WORK TASK: Retype, word for word, only the lines from the one containing "A RARE COLLECTION" through the last line of the listing below. Pictures do not belong in the result.

RECORDED DATA:
-------------------------
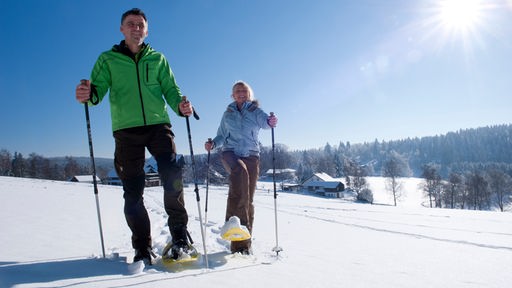 Ein Mann und eine Frau mit Schneeschuhen und Skistöcken laufen bei Sonnenschein durch den Schnee. 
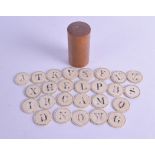 A RARE COLLECTION OF 18TH CENTURY CARVED BONE LETTERS within a treen jar and cover. Each letter 3 cm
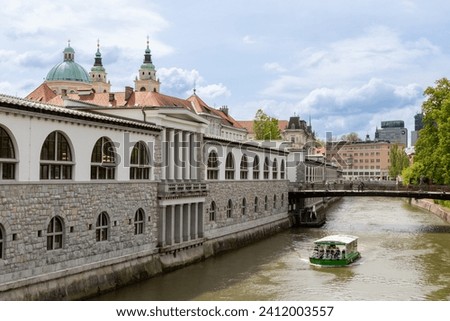 The Ljubljana Dragon Bridge spans the Ljubljanica River, Ljubljana Central Market and Saint Nicholas's Cathedral (Katedrala Sv. Nikolaj), dragon sculpture, Slovenia.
-------------------------
OUTPUT FOR THIS EXERCISE:
 A RARE COLLECTION OF 18TH CENTURY CARVED BONE LETTERS within a treen jar and cover. Each letter 3 cm
 The Ljubljana Dragon Bridge spans the Ljubljanica River, Ljubljana Central Market and Saint Nicholas's Cathedral (Katedrala Sv. Nikolaj), dragon sculpture, Slovenia.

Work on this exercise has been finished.